**Assignment:** Keep the lines exact and the pictures out as you repeat the following listing.

**Stored data:**
□ □ □ □
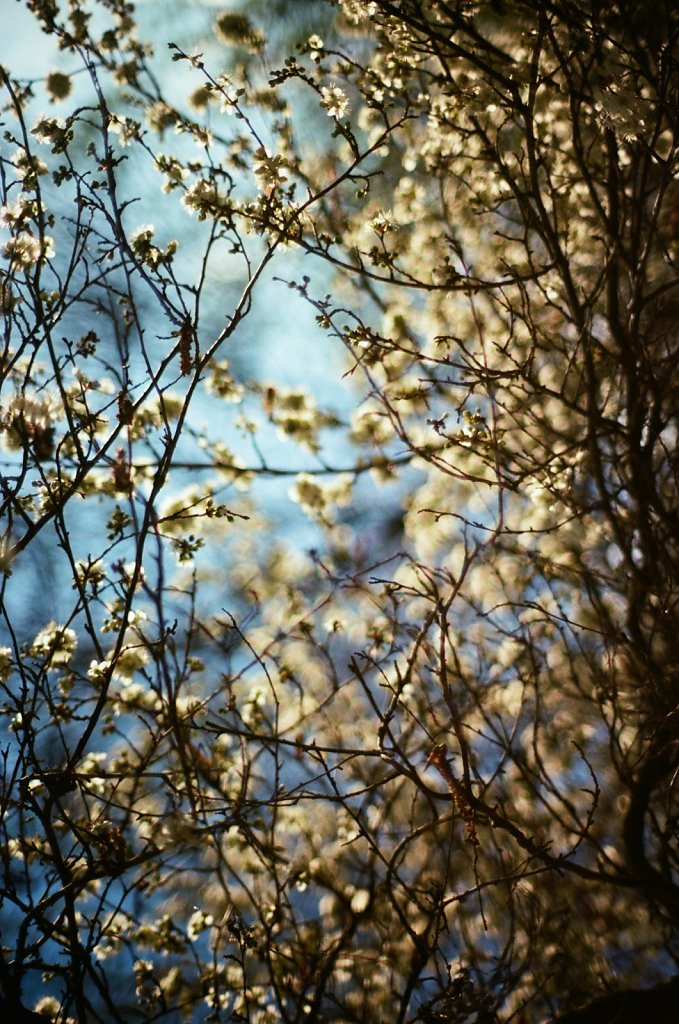 Hanami 2025 - 29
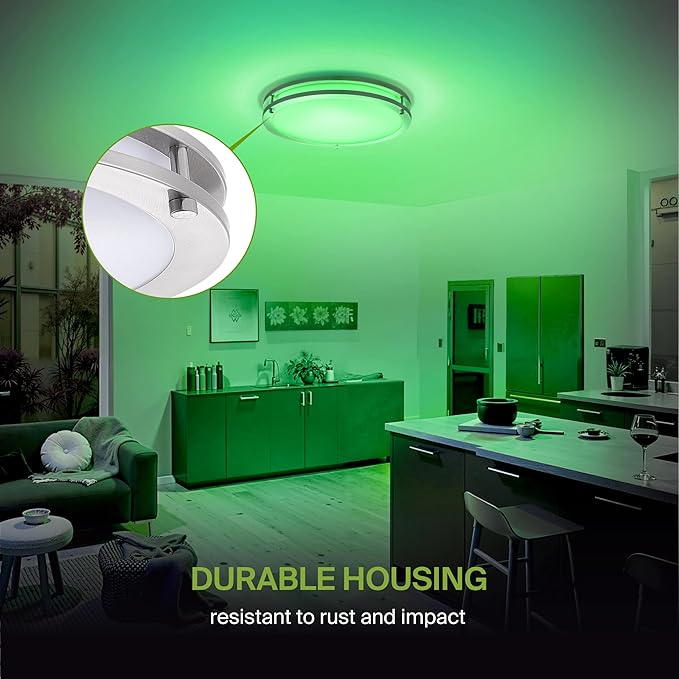 ASD LED 18" Round Flush Mount Lighting, Close to Ceiling Light Fixture | Smart, Multicolor, Dimmable, ETL Listed | 28W 1844LM RGB-2700-6500K 120V | Low Profile Double Ring Lamp | Nickel
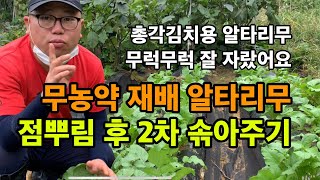 총각김치용 알타리무 무농약 재배 / 점뿌리 후 2차 솎아주기 / 알타리무 솎아주는 방법 / 무농약 친환경 재…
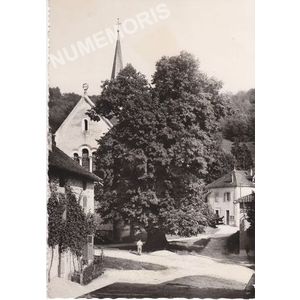 Saint-Aupr&eacute; (Is&egrave;re) le tilleul datant de Sully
□ □ □ □
**Answer area:**
 Hanami 2025 - 29
 ASD LED 18" Round Flush Mount Lighting, Close to Ceiling Light Fixture | Smart, Multicolor, Dimmable, ETL Listed | 28W 1844LM RGB-2700-6500K 120V | Low Profile Double Ring Lamp | Nickel
 총각김치용 알타리무 무농약 재배 / 점뿌리 후 2차 솎아주기 / 알타리무 솎아주는 방법 / 무농약 친환경 재…
 Saint-Aupr&eacute; (Is&egrave;re) le tilleul datant de Sully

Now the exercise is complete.